Ray Dalio: Yes. The worsened condition is due to years of excesses, like overeating fatty foods and smoking over a lifetime. The cumulative effects have brought about the current conditions, and the great excesses that are now projected as a result of the new budget will probably cause a debt-induced heart-attack in the relatively near future — I’d say three years, give or take a year or two. I’ll explain.
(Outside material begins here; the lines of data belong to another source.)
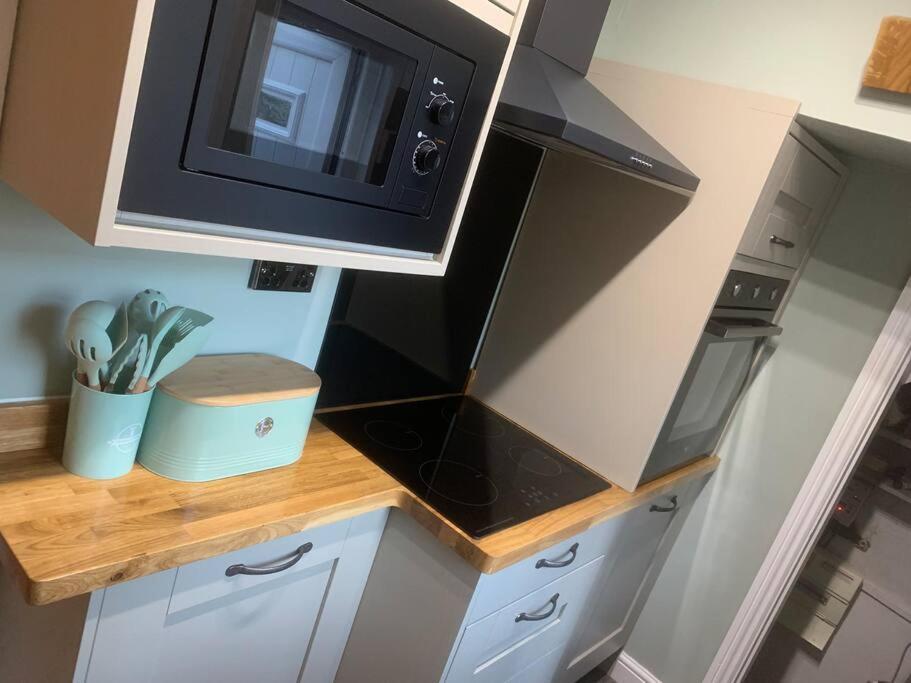 Quaint 1 Bedroom Cottage In Pudsey, Leeds エクステリア 写真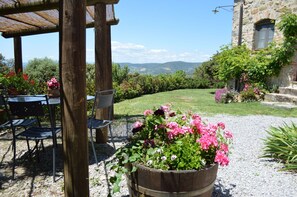 Outdoor dining - Agriturismo Bellavista, Private Pool, Val D'Orcia (Seggiano)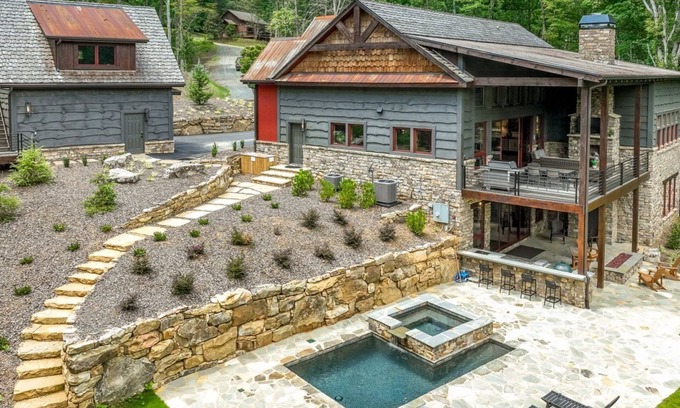 Cashes Valley Cabin | Stone Pool Lodge | Blue Ridge, GA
The credit circulatory system is like the human circulatory system in that it brings nutrients to different parts of the body. If the credit and debt are used to create income that is large enough to service the debt, then the system is working well and healthy. But if the debt and debt service expenditures grow faster than the incomes, they build up like plaque that squeezes out other spending. It is easy to see that happening. The US government’s debt service payments now equal about $1tn a year in interest and are increasing at a fast rate, with about $9tn needed to roll over the debt. That squeezes out other spending. The more that happens, the closer the country is to a debt-induced economic heart attack. Also, when there is a lot of existing debt plus a lot of new debt that is being created to finance deficit spending, the supply of debt being sold is much greater than the demand for it. Over the next year, the federal government will spend about $7tn and take in only about $5tn, so it will have to sell an additional roughly $2tn in debt, in addition to the $1tn it has to sell to pay interest plus the $9tn it has to raise to roll over the debt. Things are likely to get worse than that because when creditors become worried about the debt assets not being good storeholds of wealth, they sell them. The demand for debt will unlikely keep up with the supply. That is a classic sign of the big debt cycle entering the traumatic last phase. At this stage in the cycle, the central bank must decide whether to allow interest rates to go up and have a debt default crisis, or to print money and buy the debt that others won’t buy to try to hold real interest rates down, which will lower the value of money. Another classic sign of coming to the turbulent end of the big debt cycle is central banks doing a lot of printing money and buying debt and then losing so much on the debt assets that they bought that, at that stage, both the central bank and the central government need to borrow more money. This leads to the central bank printing even more money to service the large debts that they have. By all the classic measures, we are late in the big debt cycle, and if those who shape policies don’t change policies, there will be a debt service problem coupled with a debt supply-and-demand problem that will cause a debt-induced economic heart attack.